16. The method of claim 15, wherein the generating of the substring
set comprises: extracting substrings of predetermined length from
the packets; calculating a hash value of each extracted substring;
sampling the calculated hash values; registering the selected
substrings by taking all or part of the sampled hash values as
indices; and combining substrings extracted from the identical
packet and appearing more than a predetermined number of times from
among the registered substrings, thereby generating a substring
set.
17. The method of claim 16, wherein in the extracting of the
substrings, a byte string of predetermined length in the packet is
extracted while performing a hashing method.
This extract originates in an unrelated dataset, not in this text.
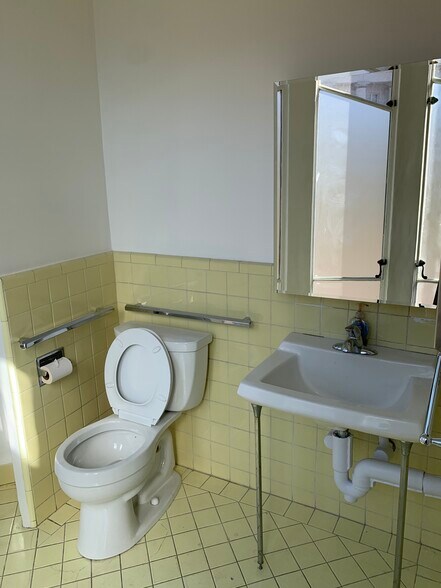 More Photos Of 37 Fulton St, San Francisco Office For Lease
18. The method of claim 16, wherein in the calculation of the hash
value, the hash value is calculated by using a Karp-Rabin
fingerprinting method.
19. The method of claim 16, wherein in the sampling of the
calculated hash values, the number of samples to be extracted from
one packet is determined to be in proportion to the length of the
packets.
20. The method of claim 16, wherein in the sampling of the
calculated has values, the sampling is performed by using a
winnowing technique.
21. The method of claim 16, wherein in the combining of the
substrings, substrings appearing more than a predetermined number
of times is determined as substrings that are likely to attack a
network, based on the frequencies of the substrings registered in
the substring distribution table and a preset threshold, and the
substrings that are deemed to attack a network are combined.
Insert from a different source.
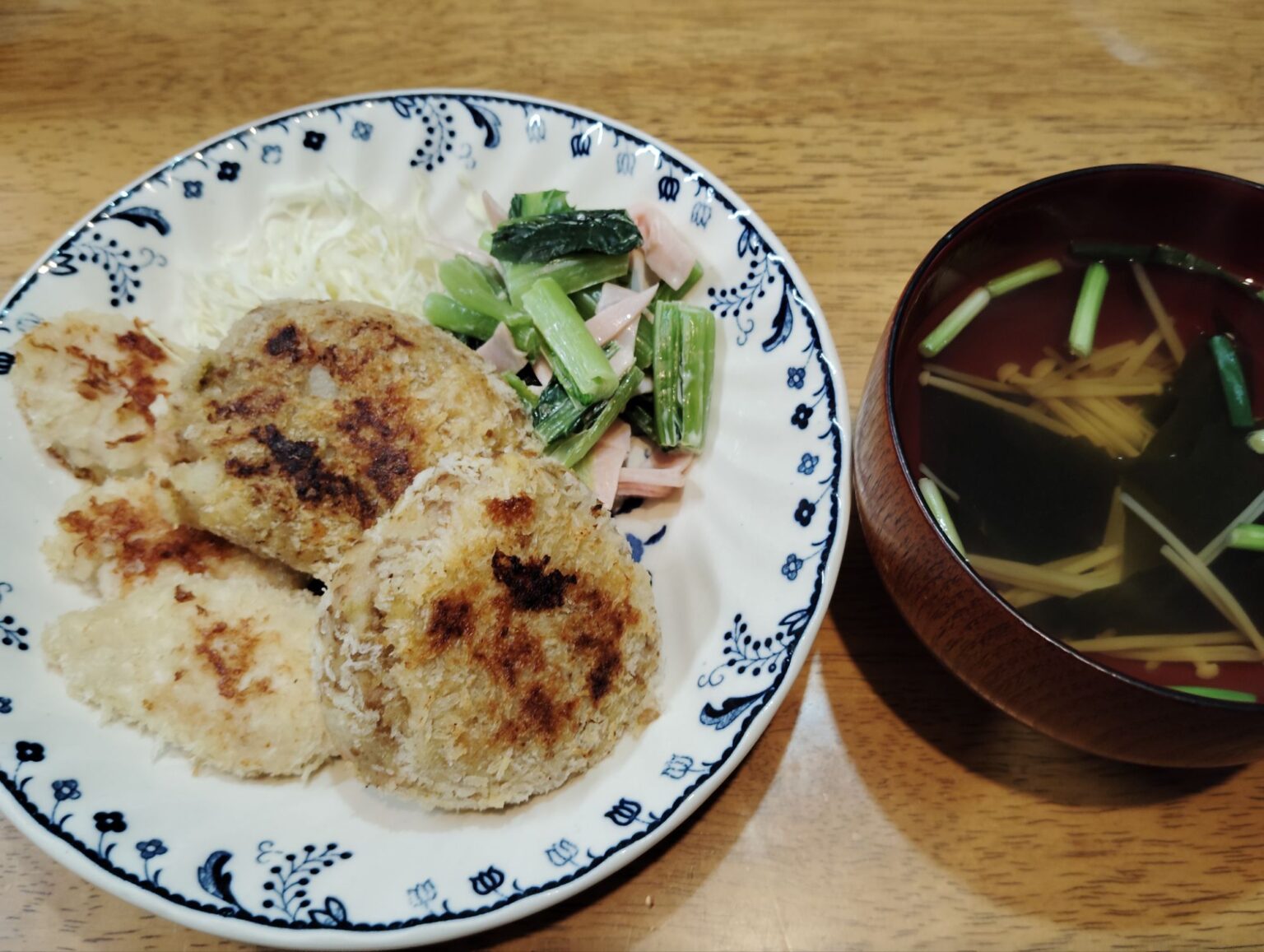 コロッケ。ささみフライ。千切りキャベツ。小松菜とハムのサラダ。わかめとえのきのすまし汁。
22. The method of claim 21, wherein the threshold is set by using
the average frequency of the entire substrings.
23. The method of claim 21, wherein the threshold is set by using a
highest frequency of a substring recorded at a predetermined
time.
24. The method of claim 15, wherein in the confirming of the
substring set, the number of destination addresses of the packet
having the substring set is examined, and if the number of the
destination addresses is equal to or greater than a predetermined
value, it is confirmed that the substring set is used as a
signature.
25. The method of claim 15, wherein in the confirming of the
substring set, a session success ratio of the packets having the
substring set is examined, and if the session success ratio is
equal to or less than a predetermined value, it is confirmed that
the substring set is used as a signature.
26. The method of claim 15, wherein in the optimization of the
signature, the confirmed substring set is compared with other
already stored signatures, and common substrings are deleted.
27. The method of claim 26, wherein in the optimization of the
signature, only when at least one of an inclusion degree and a
resemblance degree between the confirmed substring set and the
other already stored signatures are equal to or less than a
predetermined value, the common substrings are deleted.
28. The method of claim 15, further comprising comparing the
substring set generated in the substring set generation unit with
each already stored existing signature in order to determine
whether or not the two are the same.
Description
CROSS-REFERENCE TO RELATED PATENT APPLICATIONS
[0001] This application claims the benefit of Korean Patent
Application No. 10-2006-0071654, filed on Jul. 28, 2006, in the
Korean Intellectual Property Office, the disclosure of which is
incorporated herein in its entirety by reference.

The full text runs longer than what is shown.